Ecumenical Sexual Misconduct
The Freethinker recently cited two articles about sexual misconduct by religious professionals or semi-pros.
The first involved two Muslim politicians who were caught “in a sexual position.” It is an entertaining story of pious hypocrites caught with their pants down. It is also a strange story about a couple in their sixties, reportedly living together, who are seemingly overcome by lust. In any case, it was a story of two individuals. Their religion was incidental.
The other story involves students in Ireland’s National Catholic Seminary (here): The headline says, “Trainee priests to be ‘supervised’ at meal times to stop Grindr use.” Grindr is a gay dating site. The seminarians were openly using it in the dining room. Officials announced that the dining room will now be supervised. While officials questioned the appropriateness of the Grindr app, they said nothing about requiring celibacy. The Vatican claims that celibacy is a great “jewel” of the Church, and the reason that straight married men cannot be priests. Priests are supposedly married to Christ. Violations of celibacy constitute adultery, and Christ doesn’t like wearing all those horns.
Unlike the incident in the prior article, this involves institutional corruption. First of all, the Archbishop previously complained of homosexual behavior in the seminary, and was effectively ignored. Surprisingly, he had no control over the seminary. Directly or indirectly, the Vatican was in charge, and chose to do nothing.

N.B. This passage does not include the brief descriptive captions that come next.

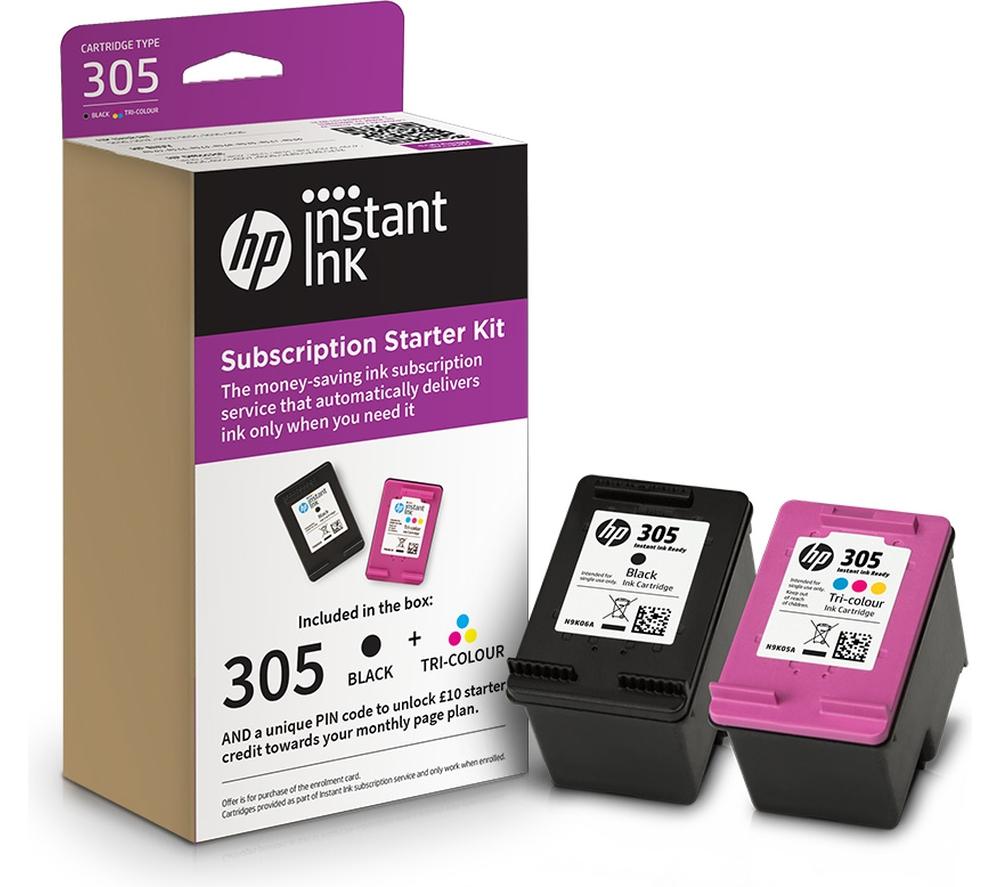 HP Instant Ink 305 Subscription Box Black & Tri-colour Ink Cartridges ...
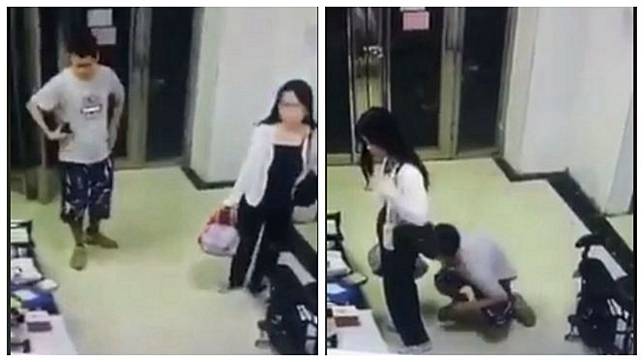1名男子尾隨女子進入大廳後，趁對方不注意3度到她身後蹲下聞下體。(圖／翻攝自臉書)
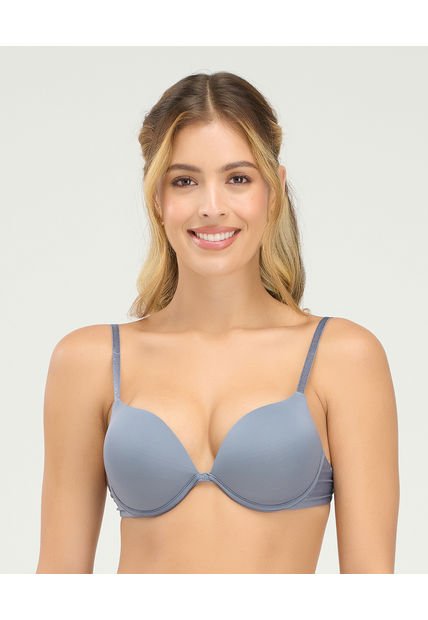 Brasier Doble Realce Escote Profundo Gris Titanio ST Even 49480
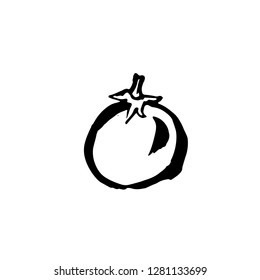 Tomato grunge icon. Vector illustration.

Many Catholic seminaries are essentially gay fraternities. Straight students often complain of discrimination. In the early 1980’s when AIDS first struck, many seminaries suffered from the “gay plague,” contributing to the current shortage of priests. The Church is far more tolerant of clerical homosexuality - even pedophilia - than it is of heterosexual behavior. No other profession has as many child abusers as Catholic priests. Just imagine what would happen if teachers were even half as deviant. More importantly, such abuse is often well known, yet covered-up. While only a small minority of priests actually abuse children, a majority aids and abets them by covering up the crime. This is an unspeakable crime. Naturally, no one mentions it.